Als ich im Juni wegen einer Geschäftsreise im Hard Rock Hotel Ibiza war, mich über den schönen Ausblick aufs Meer, das warme Wetter und das leckere Essen gefreut habe, habe ich gedacht: „Meine Fresse! im letzten Jahr ist echt viel passiert!“

Fast genau ein Jahr vorher war ich auf Bali, habe dort einen Monat in einem billigen Homestay für 10 Euro pro Tag inklusive Frühstück gewohnt und fand das normal. Mittlerweile mache ich Geschäftsreisen und wohne in 5-Sterne-Plus-Hotel – und finde es normal.

Mein komplettes Money-Mindset hat sich verändert.

Ich habe mich verändert.

Ich bin immer mehr zu der Frau geworden, die ich sein wollte. Oder besser gesagt, bin ich mehr zu der Linda geworden, die einen guten Umgang mit Geld hat, sich mit mehr Geld wohl fühlt und in Luxus-Hotels wohnt.

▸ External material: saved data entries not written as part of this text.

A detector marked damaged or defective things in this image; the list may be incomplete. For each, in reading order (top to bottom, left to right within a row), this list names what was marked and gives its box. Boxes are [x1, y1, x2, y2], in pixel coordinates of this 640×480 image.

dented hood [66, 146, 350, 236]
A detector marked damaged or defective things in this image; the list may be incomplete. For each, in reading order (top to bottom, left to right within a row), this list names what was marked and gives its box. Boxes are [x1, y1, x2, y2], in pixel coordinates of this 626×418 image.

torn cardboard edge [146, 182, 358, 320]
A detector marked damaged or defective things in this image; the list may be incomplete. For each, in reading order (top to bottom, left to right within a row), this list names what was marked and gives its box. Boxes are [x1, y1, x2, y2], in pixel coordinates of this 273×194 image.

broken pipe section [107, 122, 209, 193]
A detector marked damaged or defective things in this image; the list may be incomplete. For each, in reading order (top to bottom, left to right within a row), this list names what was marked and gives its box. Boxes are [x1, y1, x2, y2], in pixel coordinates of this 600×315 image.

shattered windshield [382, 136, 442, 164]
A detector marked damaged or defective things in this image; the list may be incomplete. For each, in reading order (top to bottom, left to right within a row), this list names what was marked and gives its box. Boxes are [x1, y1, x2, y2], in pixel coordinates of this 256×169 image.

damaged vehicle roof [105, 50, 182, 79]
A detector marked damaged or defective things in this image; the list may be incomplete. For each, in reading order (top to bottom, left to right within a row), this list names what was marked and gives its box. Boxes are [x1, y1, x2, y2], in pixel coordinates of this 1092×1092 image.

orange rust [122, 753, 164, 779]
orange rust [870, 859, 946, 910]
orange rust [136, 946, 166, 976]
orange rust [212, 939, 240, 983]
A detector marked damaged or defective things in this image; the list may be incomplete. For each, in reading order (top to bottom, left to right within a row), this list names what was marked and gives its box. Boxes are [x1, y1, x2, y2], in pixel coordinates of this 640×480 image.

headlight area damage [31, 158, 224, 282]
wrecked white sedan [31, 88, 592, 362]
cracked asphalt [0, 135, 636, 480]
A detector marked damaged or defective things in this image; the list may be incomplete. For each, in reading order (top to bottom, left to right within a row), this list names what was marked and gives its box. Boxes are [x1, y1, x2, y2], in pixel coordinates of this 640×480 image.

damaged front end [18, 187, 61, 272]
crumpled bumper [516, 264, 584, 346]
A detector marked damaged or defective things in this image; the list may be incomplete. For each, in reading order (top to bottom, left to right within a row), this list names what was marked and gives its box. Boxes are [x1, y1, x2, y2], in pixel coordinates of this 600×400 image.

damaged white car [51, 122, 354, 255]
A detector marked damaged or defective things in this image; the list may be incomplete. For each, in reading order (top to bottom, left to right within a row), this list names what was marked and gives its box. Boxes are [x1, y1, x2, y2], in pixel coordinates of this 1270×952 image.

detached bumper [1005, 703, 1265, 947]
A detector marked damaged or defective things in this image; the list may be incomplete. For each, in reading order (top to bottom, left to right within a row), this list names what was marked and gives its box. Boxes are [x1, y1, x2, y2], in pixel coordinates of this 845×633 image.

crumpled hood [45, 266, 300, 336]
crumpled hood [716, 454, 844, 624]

Das ist möglich, weil ich immer meine Ziele vor Augen habe.

Was sind deine Ziele?

Wenn du bisher noch Schwierigkeiten hast, deinen Umsatz zu steigern und die Angst zur Seite zu schieben, dass es im nächsten Monat schlechter sein könnte, ist es umso wichtiger, dass du weißt, wo du hinwillst.

Dafür ist zum einen wichtig, dass du deine Ziele kennst.

  • Weißt du, was du beruflich erreichen möchtest?
  • Möchtest du deinen Umsatz verdoppeln?
  • Möchtest du dein Business ändern, vielleicht online aktiver sein, Kooperationen eingehen oder sogar einen Weg einschlagen, den vor dir noch niemand gegangen ist?

Dann ist es wichtig, dass du weißt, wie dein Leben dann aussehen würde.

Stell dir vor, wie du arbeiten, was du machen würdest – wo wäre dein Business in einem Jahr? Wie sieht es in fünf Jahren aus? Je klarer du dir darüber wirst, was du einmal erreichen willst, desto leichter wird es dir fallen.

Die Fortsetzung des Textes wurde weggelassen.